The Dataset has been extracted from Kaggle to predict the house prices in the city of Melbourne,Australia.
Following are the featurs used:
This data was scraped from publicly available results posted every week from Domain.com.au, I've cleaned it as best I can, now it's up to you to make data analysis magic. The dataset includes Address, Type of Real estate, Suburb, Method of Selling, Rooms, Price, Real Estate Agent, Date of Sale and distance from C.B.D.
….Now with extra data including including property size, land size and council area, you may need to change your code!
Some Key Details Suburb: Suburb
Address: Address
Rooms: Number of rooms
Price: Price in Australian dollars
Method: S - property sold; SP - property sold prior; PI - property passed in; PN - sold prior not disclosed; SN - sold not disclosed; NB - no bid; VB - vendor bid; W - withdrawn prior to auction; SA - sold after auction; SS - sold after auction price not disclosed. N/A - price or highest bid not available.
Type: br - bedroom(s); h - house,cottage,villa, semi,terrace; u - unit, duplex; t - townhouse; dev site - development site; o res - other residential.
SellerG: Real Estate Agent
Date: Date sold
Distance: Distance from CBD in Kilometres
Regionname: General Region (West, North West, North, North east …etc)
Propertycount: Number of properties that exist in the suburb.
Bedroom2 : Scraped # of Bedrooms (from different source)
Bathroom: Number of Bathrooms
Car: Number of carspots
Landsize: Land Size in Metres
BuildingArea: Building Size in Metres
YearBuilt: Year the house was built
CouncilArea: Governing council for the area
Lattitude: Self explanitory
Longtitude: Self explanitory
**Steps for execution:
- Extracted the Data
- Perfromed EDA for the different features to check how they ar correlated.
- Imputed the missing values and dropped features for the missing values which can't be imputed, because a major chunk of missing values were missing from the feature.

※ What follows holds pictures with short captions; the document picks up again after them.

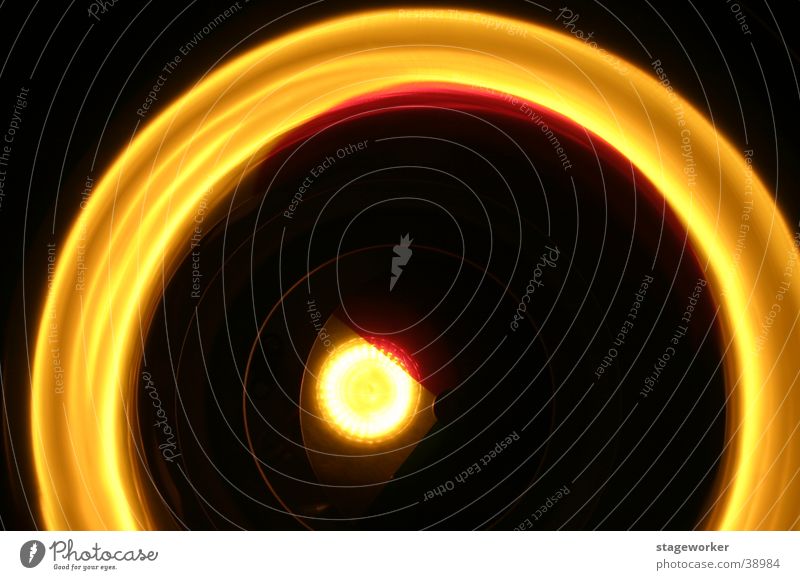 Lampe von oben Lichtspiel gelb Farbwechsler Beleuchtung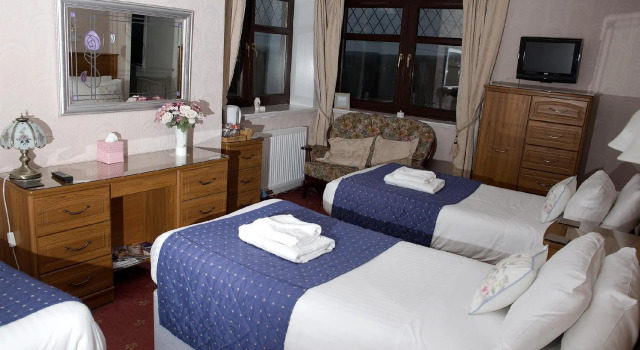 Herdshill Guest House, Забронировать Гостевой дом Уишо Ланаркшир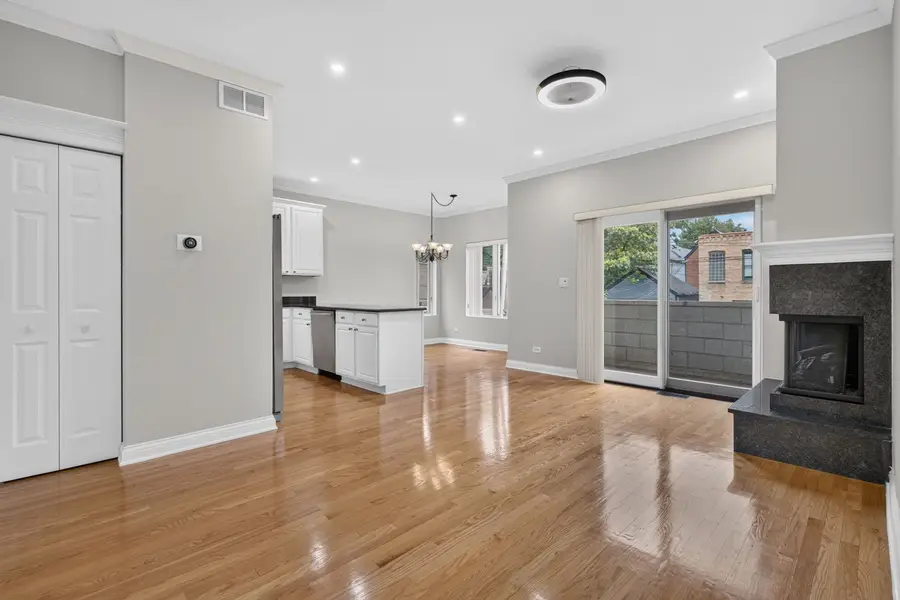 2136 W Evergreen Avenue #1B, Chicago, IL 60622 - #3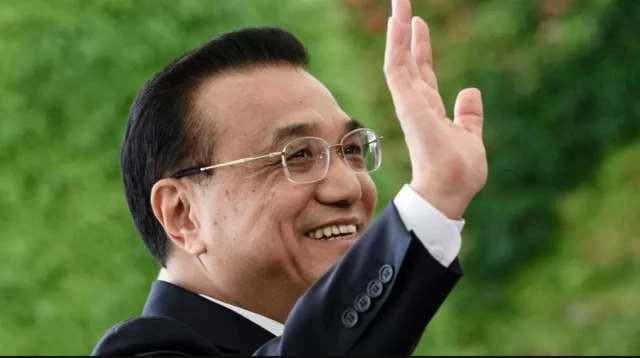 တရုတ်၊ လီ ခချင်း၊ ရှီကျင့်ဖျင်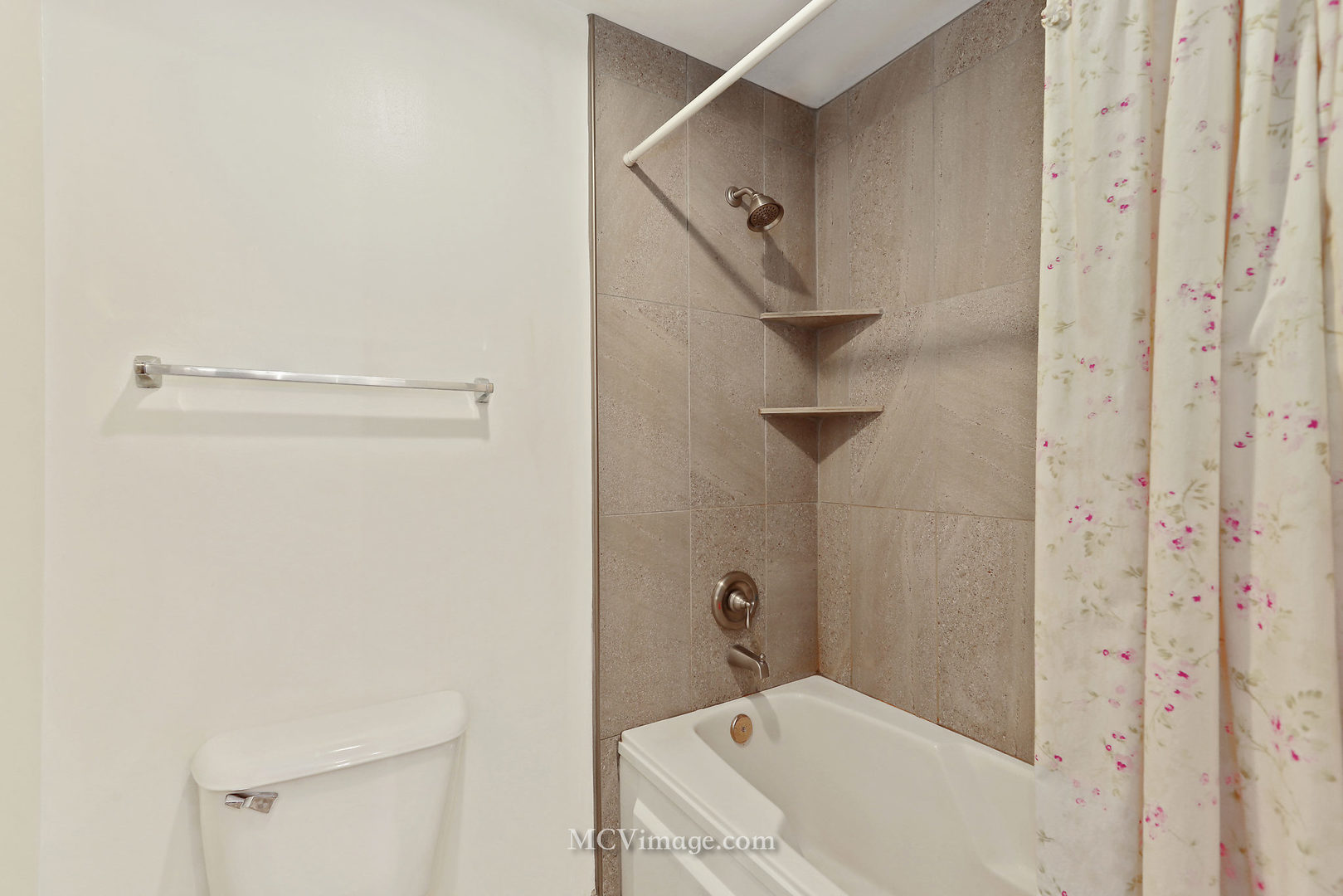 8337 Ripple Ridge Darien, IL 60561 - Photo 16 of 24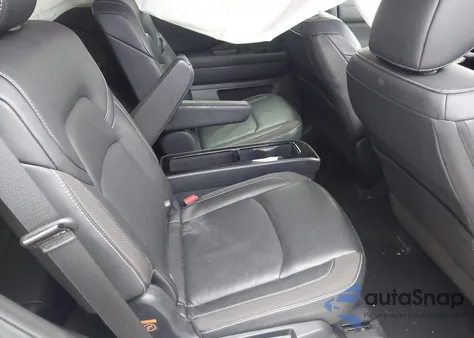 2024 Nissan Pathfinder Sl 4Wd z USA, uszkodzony, nr VIN 5N1DR3CD8RC297114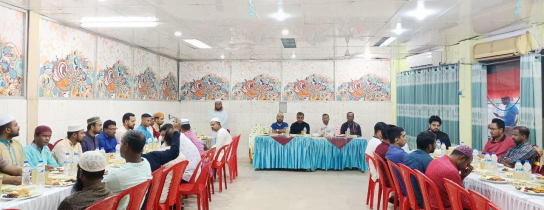 ইফতার আয়োজনে একত্রিত পাবিপ্রবির কর্মকর্তা ও কর্মচারীরা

- Encodied the categorical features, while keeping in mind the curse of dimensionality.
- Seleted the relevent features to be used while modelling using the SelectKBest (Chi-Square method).
- Perfromed Feature Scaling using MinMaxScaler.
- Perfromed a train_train_split for the data to split it into 75% training and 25% testing data.
- Created a Machine Learning Model using RandomForestRegressor Algorithm using n_estimators=700.
- Trained a model and made predictions.
- Plotted a scatter plot for y_test and predictions they follow an increasing linear relationship.
- Plotted a residual as well using distplot by calculating y_test-predictions.